Treasury sources said the IRD had called for a discussion and there was no clarity on the VAT refund system, and therefore it was decided to postpone the withdrawal of SVAT.
With the Cabinet approving a memorandum to defer the removal of the SVAT scheme through a proposed amendment to VAT law this week, business bodies and exporter outfits welcomed the move saying that it was a lifeline to the industries, considering current challenges of declining exports.
“The deferment comes at a critical time for the exporters who have been grappling with declining exports and therefore risk of cash flow disruption if SVAT was removed without a viable refund system being in place,” the Joint Apparel Association Forum (JAAF), one of the leading exporter’s outfit, said.
Earlier, a draft bill was published following Cabinet approval to revise Value Added Tax (VAT) including the repeal of the SVAT with effect from January 1 next year.
Following representations made by relevant parties on “drastic issues that may erupt in finance flow in relation to individuals, especially exporters, who have been registered under the current SVAT scheme,” a fresh Cabinet memorandum was submitted on Monday by President Ranil Wickremesinghe in his capacity as Minister of Finance, Economic Stabilisation and National policies, to defer the date for implementation of the scheme till April 2025, according to the Cabinet decisions summary released by the Department of Government Information.
The Sunday Times on September 3 reported that exporters must pay VAT upfront with the repeal of the SVAT.
The JAFF pointed out that even though the current law stipulates a 45-day refund, “a historical review will show that this has not been the case, and exporters have refunds due for well over 12 months.”
The negative impact on the cash flow of the exporters due to delays will be a severe burden in the already weak market environment, the collective body of apparel exporters said.
The current refund system is simply not working, and this is clearly evident through the value of refunds still pending in the system.

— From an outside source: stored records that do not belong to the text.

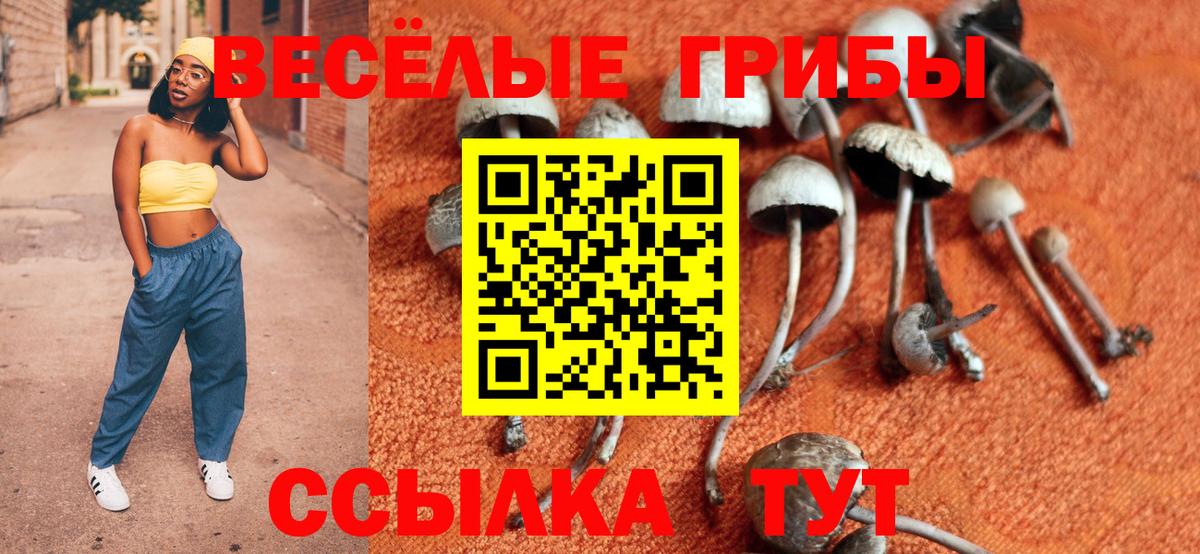 Галлюциногенные грибы Psilocybe  Псилоцибиновые грибы Cubensis  Армавир  Вход с VPN 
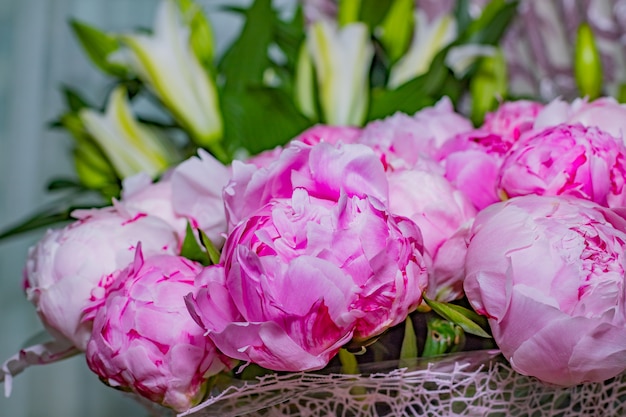 fresh bright blooming peonies flowers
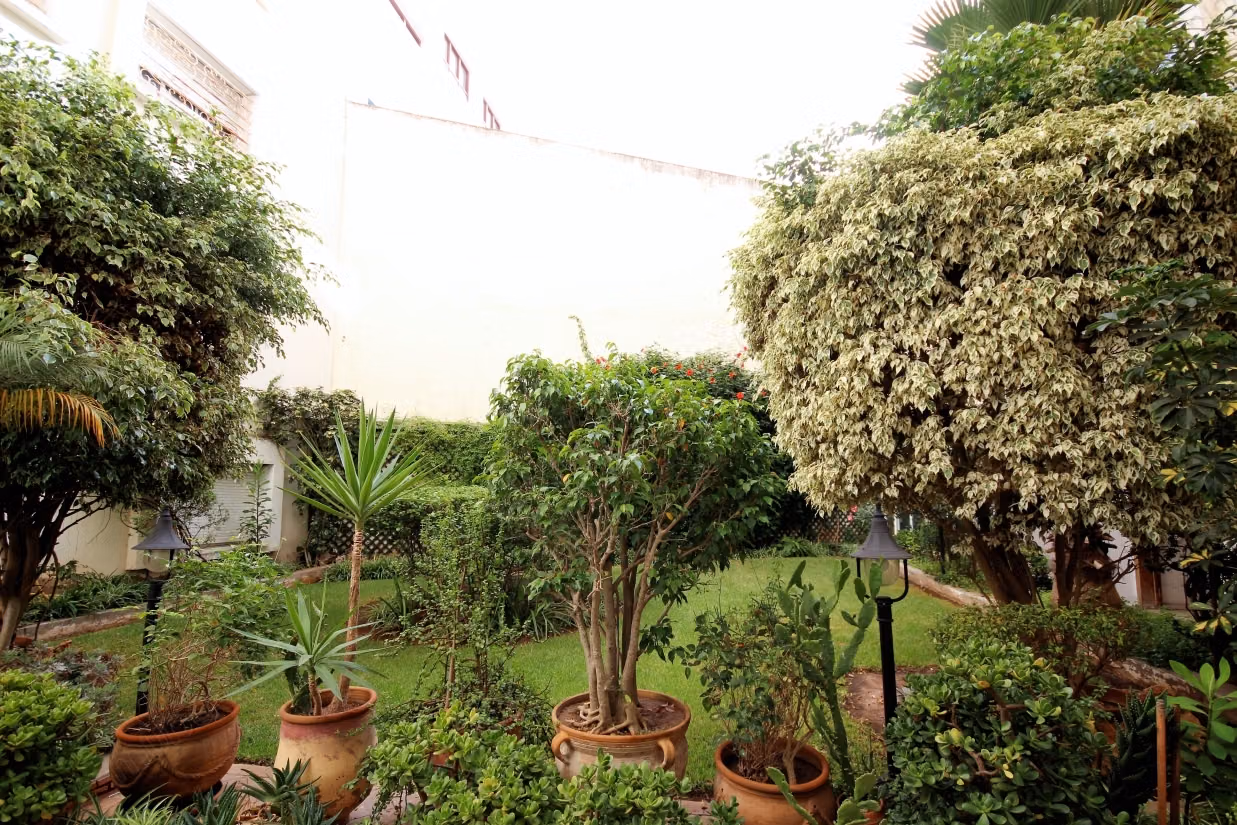 Se alquila apartamento renovado de 2 habitaciones con terraza cerca del parque Lyautey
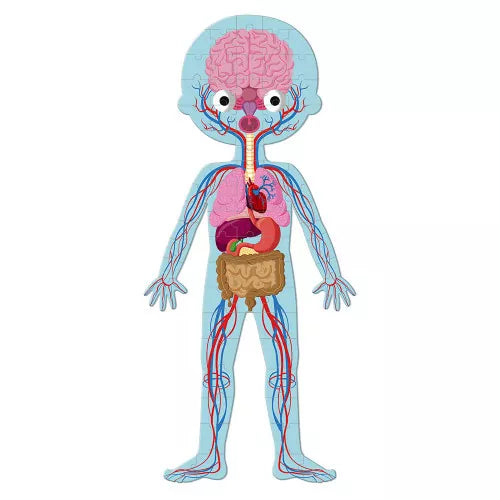 Puzzle Educativo Cuerpo Humano | Janod 2681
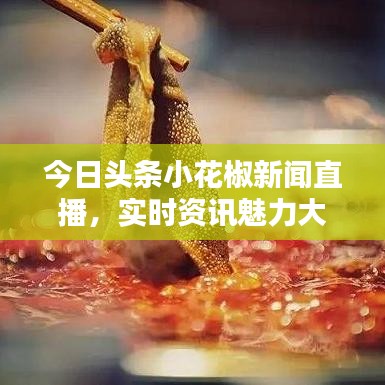 今日头条小花椒新闻直播，实时资讯魅力大揭秘
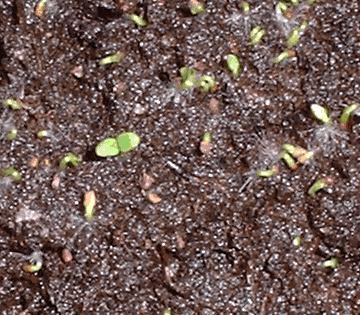 Very tiny tobacco plants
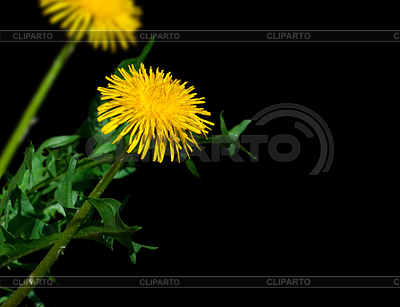 4227129-dandelion.jpg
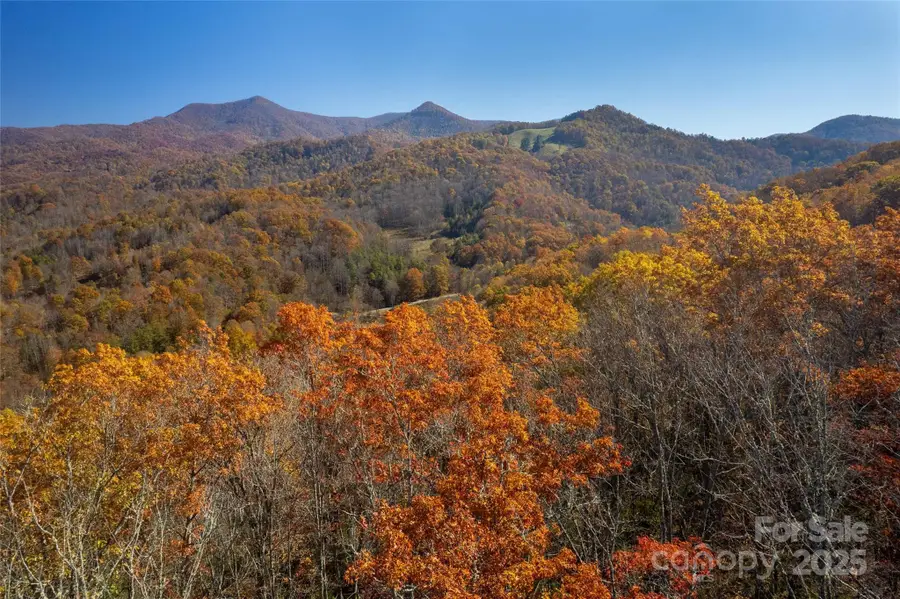 5 Copperhead Cove, Sylva, NC 28779 - Image #3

Therefore, an efficient refund system is needed that is transparent and digitally based, with minimal human intervention. In fact, the GOSL’s commitment to the IMF is just that; “to significantly speed up valid VAT refunds and abolish the SVAT system.” It is imperative that a properly functioning refund system is put in place, before the phase-out of SVAT, the JAFF said.
The JAFF also stressed that nearly a hundred per cent of apparel export proceeds are remitted into the country within 180 days as highlighted by the Central Bank of Sri Lanka (CBSL) and the Governor recently.
Welcoming the SVAT repeal deferment, the Ceylon Chamber of Commerce also noted that this postponement allows businesses and individuals, particularly exporters, ample time to adjust operations to adapt to the impending changes.
“It also affords the government the necessary space to establish a strong tax repayment mechanism,” the collective economic body said while stressing that these efforts would ensure a smoother transition and mitigate the risk of financial instability, thereby aiding in the country’s overall economic well-being.